In Summary
  • Farmers will harvest only 33 million bags, compared with 44 million last year, the Ministry of Agriculture announced Wednesday.

  • This represents a drop of a quarter or 25 per cent of the harvest. The expected harvest is a fraction of the 52 million bags the government had targeted.

Kenya is staring at a food-shortage crisis and tough economic times following projections of a sharp drop in the maize harvest this year.

Farmers will harvest only 33 million bags, compared with 44 million last year, the Ministry of Agriculture announced Wednesday.

DRY SPELL

This represents a drop of a quarter or 25 per cent of the harvest. The expected harvest is a fraction of the 52 million bags the government had targeted.

The sharp drop, attributed to reduced acreage under the crop, a devastating drought during the planting season and incessant attacks by the fall army worm, is expected to have ripple effects across the economy.

Agriculture Chief Administrative Secretary Andrew Tuimur, announcing the anticipated drop in maize production, disclosed that land under the crop shrank from 2.2 million hectares last year to 1.5 million hectares.

There was also uneven germination of the crop due to a lengthy dry spell during the planting period.

The planting season in the North Rift region, the country’s main food basket, runs from March to May. This period, traditionally wet, experienced a prolonged drought and later erratic rainfall, resulting in uneven germination and withering of the crop.

Dr Johnstone Irungu, the director of crops in the Ministry of Agriculture, also explained that multiple infestation of the dreaded fall army worms damaged the crop.

LOW MORALE

The North Rift region produces 80 per cent of the total national maize crop and the anticipated lower production spells doom for the country’s food security.

“We are dispatching a team of experts to carry out an assessment to find the full extent of the loss,” Dr Irungu said.

Dr Tuimur and Dr Irungu were speaking during an agribusiness exhibition at the University of Eldoret on Tuesday.

The government’s grim forecast is backed by the Agricultural Information Network, a service of the US Department of Agriculture (USDA), which has predicted lower yields for maize, as well as for wheat and rice — two other staple foods in Kenya.

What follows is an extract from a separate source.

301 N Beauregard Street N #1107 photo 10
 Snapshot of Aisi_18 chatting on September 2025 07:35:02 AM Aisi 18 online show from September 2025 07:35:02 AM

The agency reported reduced acreage under cultivation of the key crops against increased consumption of the cereals. “Corn/maize production is forecast at 3.6 million tonnes in 2019-20 down from 4.05 million in 2018-19,” warns the USDA report.

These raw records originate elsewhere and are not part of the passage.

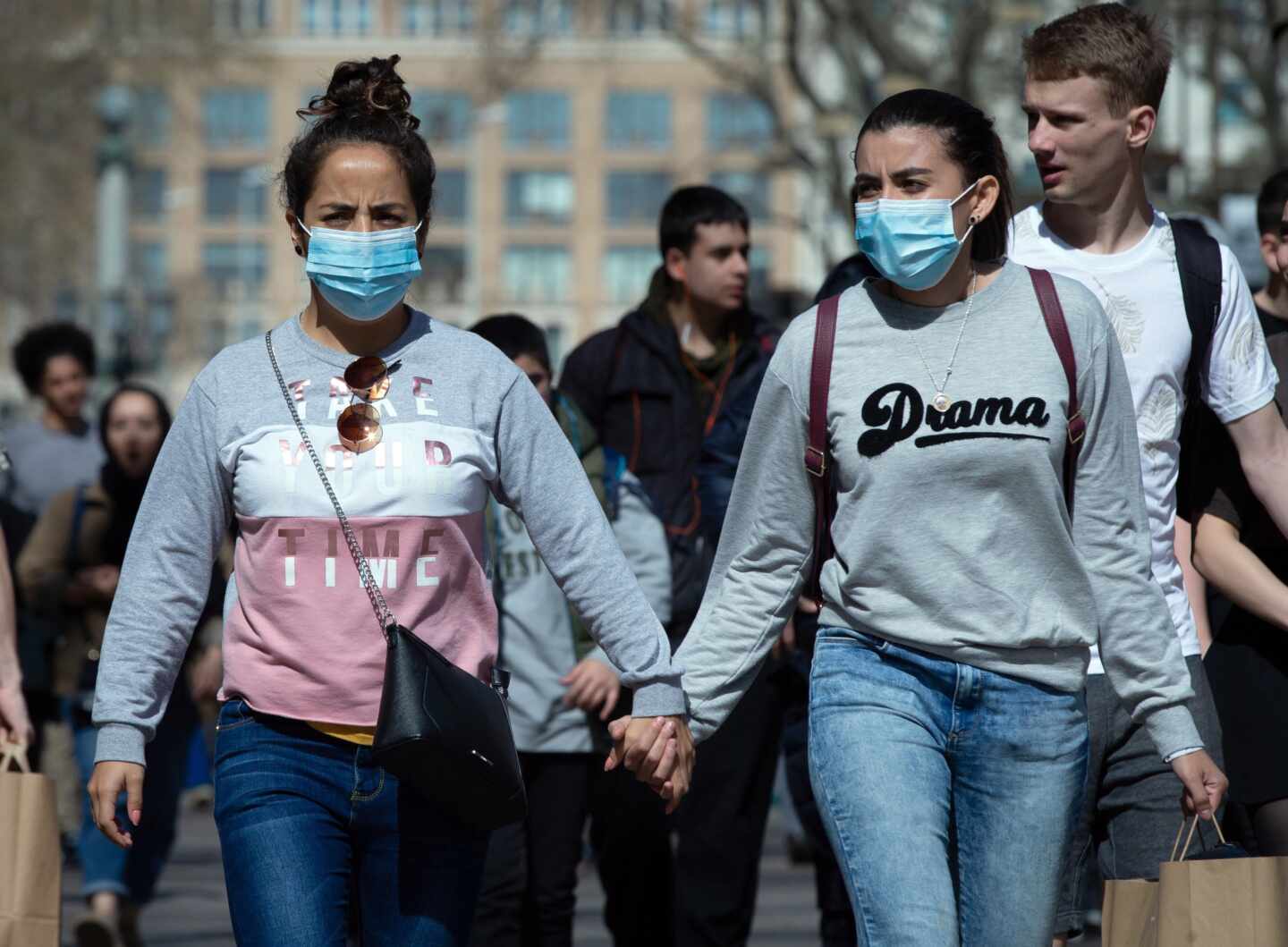 Dos turistas con mascarillas pasean por las Ramblas de Barcelona.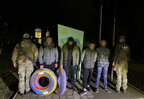 Хотіли незаконно перепливти Тису на дитячих надувних кругах: на Закарпатті затримали двох чоловіків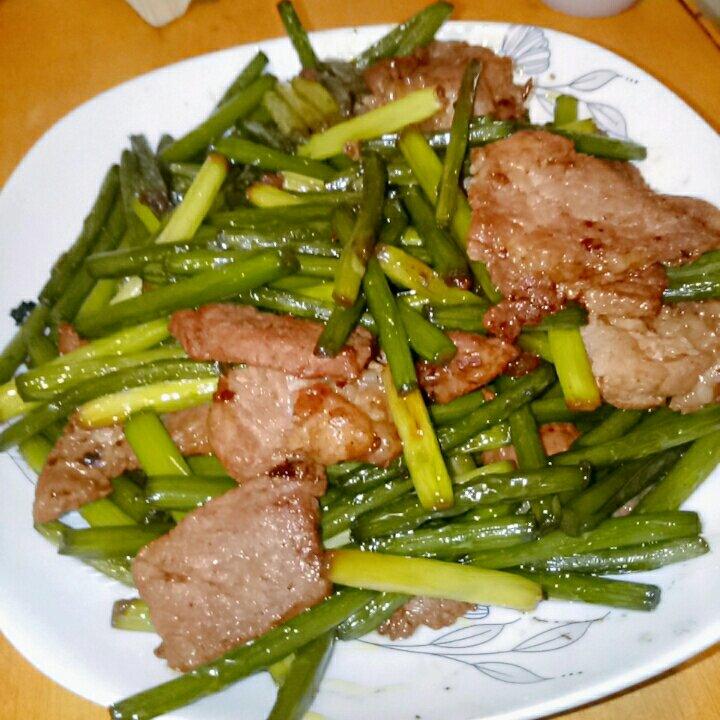 妈妈牌蒜薹炒肉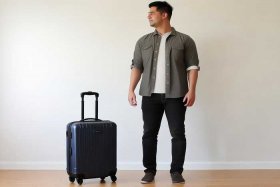 20寸拉杆箱尺寸 真人对比 20寸拉杆箱对比图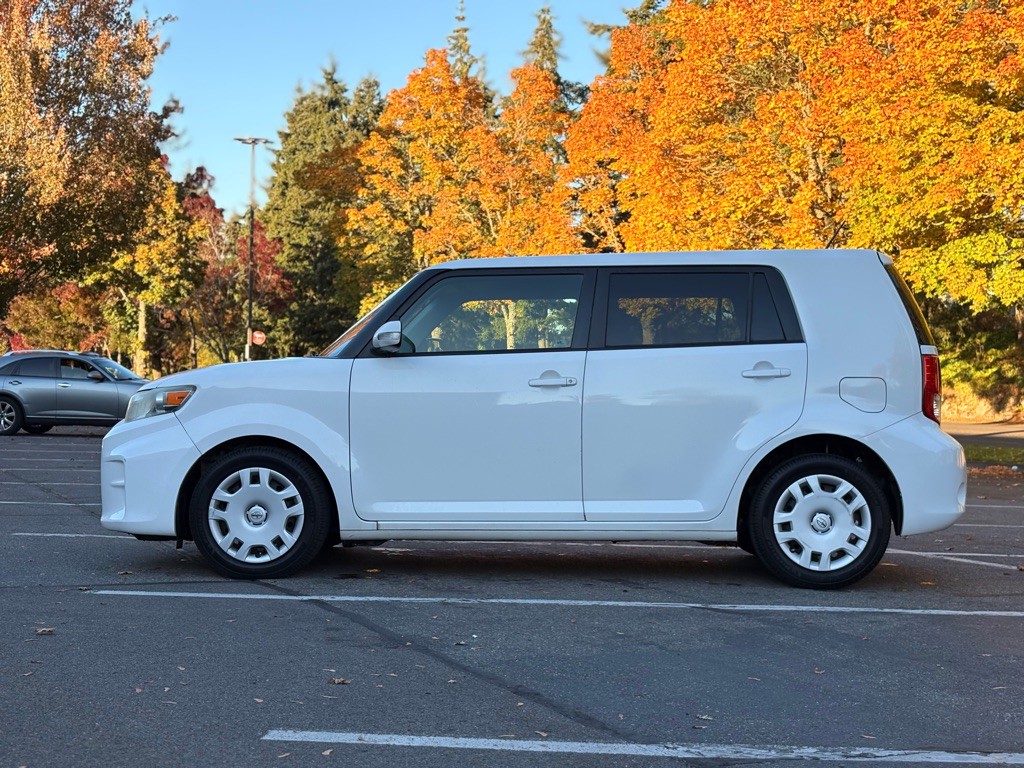 2012 Scion xB Image 2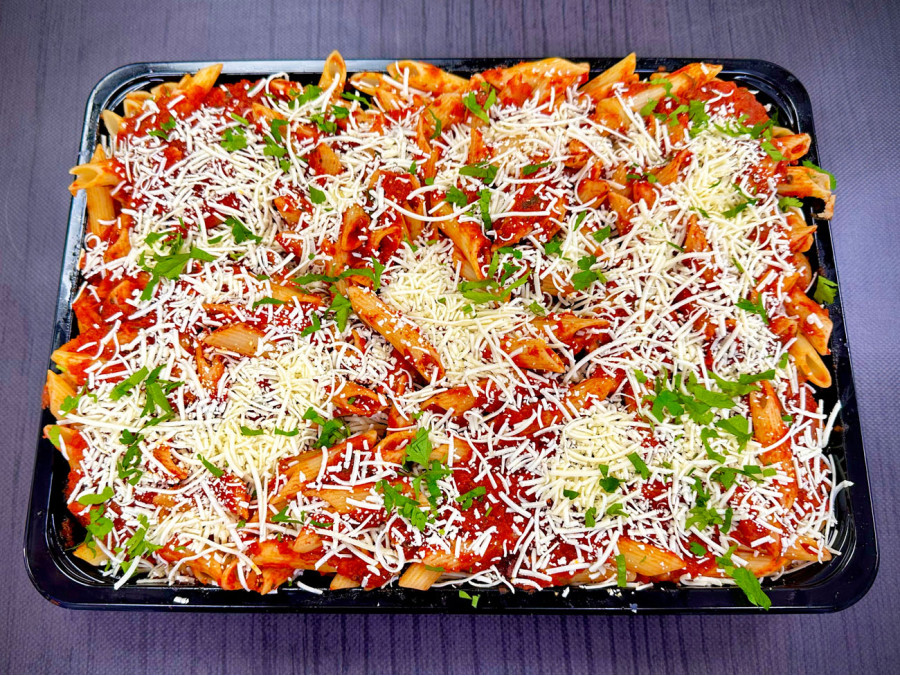 Πένες με σάλτσα ντομάτας και κεφαλοτύρι για 10 άτομα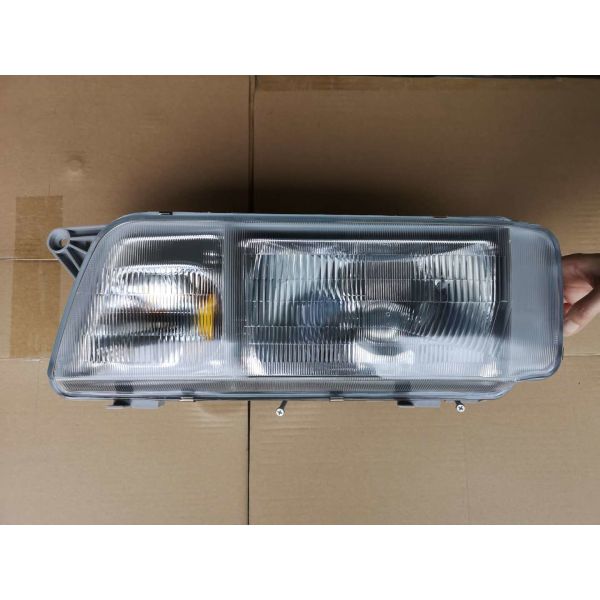 EXR EXZ Container Truck Headlamp With Yellow Fog Lamp Assembly 1821104002 Bottom Of Front Panel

It attributes the decline to low morale among farmers caused by a market crisis last season.

TOUGH TIMES

The two bleak reports are in tandem with an earlier warning by the Parliamentary Budget Office of an all-time high inflation, signalling tough times for Kenyans already reeling under a high cost of living.

The projections came on the back of the latest Kenya National Bureau of Statistics figures that indicated only 78,400 new formal jobs were created in the economy last year, compared with 114,400 in 2017.